*Work instructions*
Starting at the line below that contains "James Martin Vanities" and ending at the line that contains "Framed canvas of", retype each line exactly as it stands, but omit the pictures.

*Recorded data*
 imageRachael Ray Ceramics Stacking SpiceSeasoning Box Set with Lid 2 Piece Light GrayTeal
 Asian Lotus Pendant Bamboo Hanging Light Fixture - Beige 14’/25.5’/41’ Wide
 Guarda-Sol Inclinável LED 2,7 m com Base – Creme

---

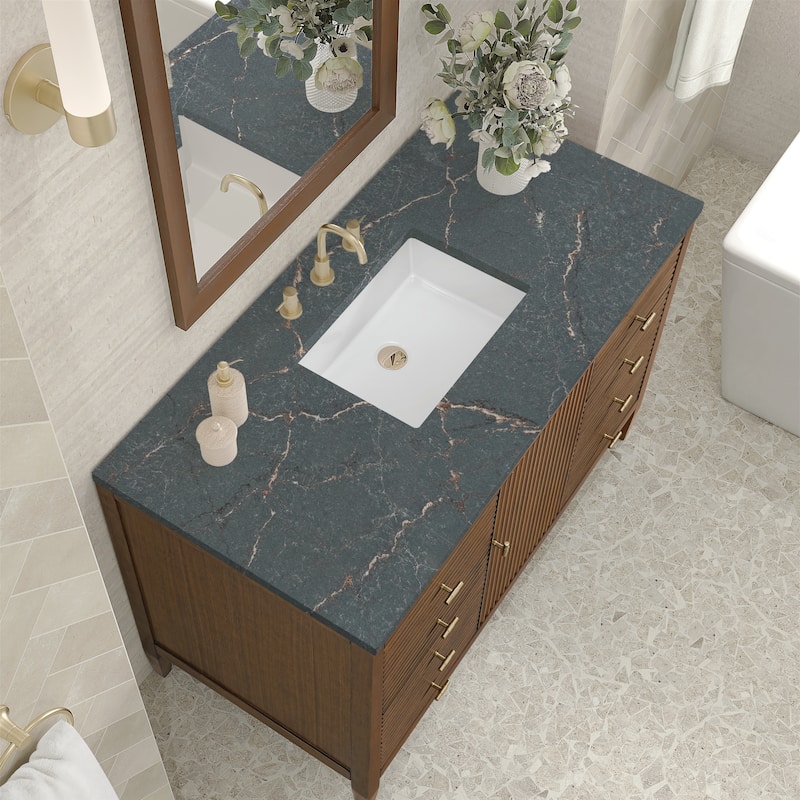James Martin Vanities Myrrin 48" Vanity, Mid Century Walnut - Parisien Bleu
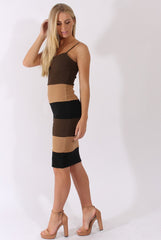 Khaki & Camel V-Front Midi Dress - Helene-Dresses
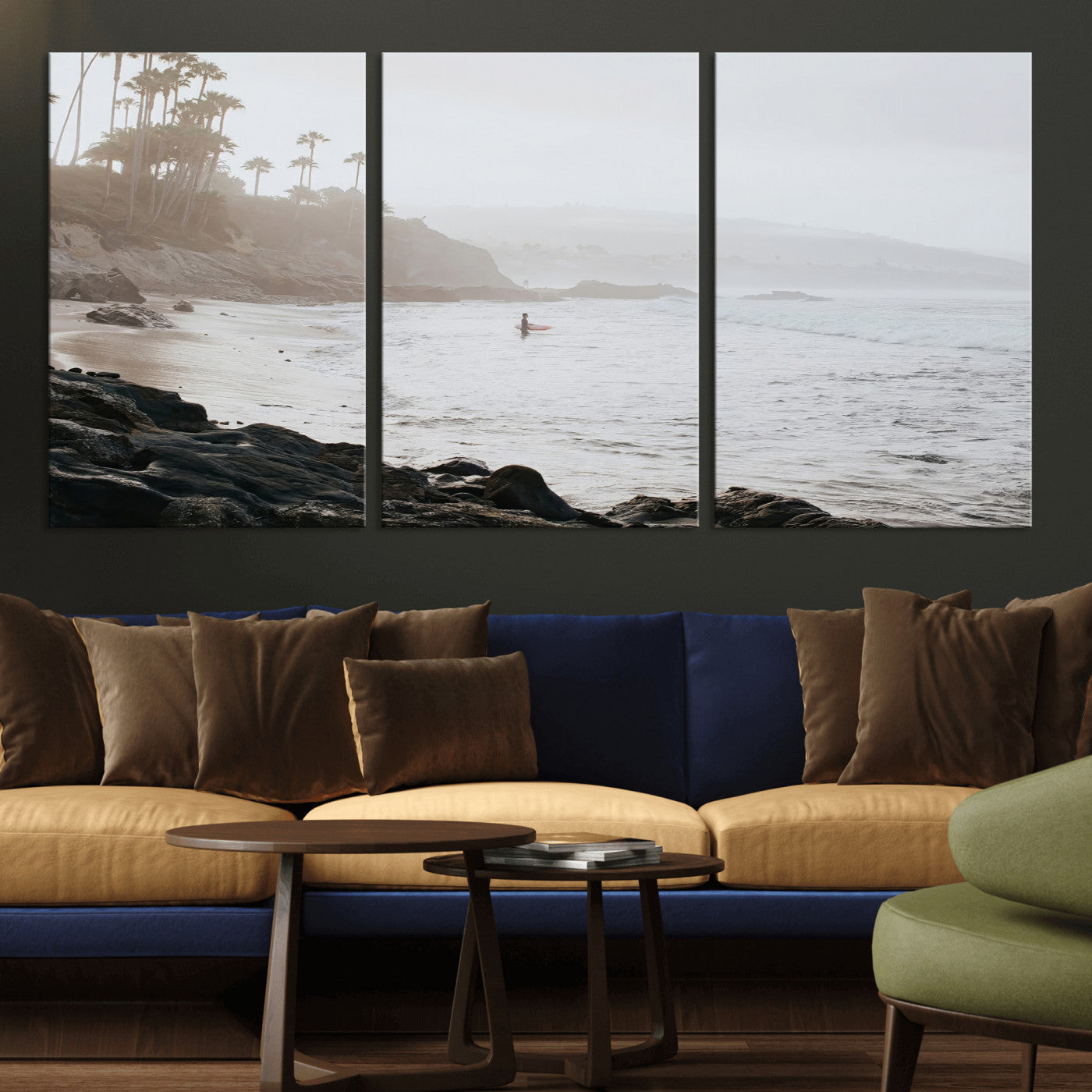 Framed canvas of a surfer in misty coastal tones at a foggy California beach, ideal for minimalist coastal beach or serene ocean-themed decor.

*Exercise result*
James Martin Vanities Myrrin 48" Vanity, Mid Century Walnut - Parisien Bleu
 Khaki & Camel V-Front Midi Dress - Helene-Dresses
 Framed canvas of a surfer in misty coastal tones at a foggy California beach, ideal for minimalist coastal beach or serene ocean-themed decor.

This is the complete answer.